Content starts

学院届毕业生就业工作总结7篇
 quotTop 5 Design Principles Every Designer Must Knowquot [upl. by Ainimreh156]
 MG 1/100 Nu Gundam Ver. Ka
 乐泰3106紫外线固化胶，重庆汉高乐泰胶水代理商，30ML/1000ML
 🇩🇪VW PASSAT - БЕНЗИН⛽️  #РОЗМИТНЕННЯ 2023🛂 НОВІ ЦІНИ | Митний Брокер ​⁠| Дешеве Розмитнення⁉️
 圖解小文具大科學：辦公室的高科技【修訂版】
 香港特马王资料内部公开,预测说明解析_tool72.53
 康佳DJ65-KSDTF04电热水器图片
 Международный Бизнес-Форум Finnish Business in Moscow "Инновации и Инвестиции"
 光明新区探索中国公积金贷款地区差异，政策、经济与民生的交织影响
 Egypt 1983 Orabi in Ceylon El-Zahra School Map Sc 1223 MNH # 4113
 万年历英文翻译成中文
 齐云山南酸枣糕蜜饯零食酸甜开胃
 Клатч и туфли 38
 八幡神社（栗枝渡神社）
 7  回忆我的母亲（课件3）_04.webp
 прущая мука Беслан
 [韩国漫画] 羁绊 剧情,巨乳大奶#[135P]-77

Content ends

Produce the lines from the top of the listing through the "康佳DJ65-KSDTF04电热水器图片" line exactly as they appear, with no additional output.

学院届毕业生就业工作总结7篇
 quotTop 5 Design Principles Every Designer Must Knowquot [upl. by Ainimreh156]
 MG 1/100 Nu Gundam Ver. Ka
 乐泰3106紫外线固化胶，重庆汉高乐泰胶水代理商，30ML/1000ML
 🇩🇪VW PASSAT - БЕНЗИН⛽️  #РОЗМИТНЕННЯ 2023🛂 НОВІ ЦІНИ | Митний Брокер ​⁠| Дешеве Розмитнення⁉️
 圖解小文具大科學：辦公室的高科技【修訂版】
 香港特马王资料内部公开,预测说明解析_tool72.53
 康佳DJ65-KSDTF04电热水器图片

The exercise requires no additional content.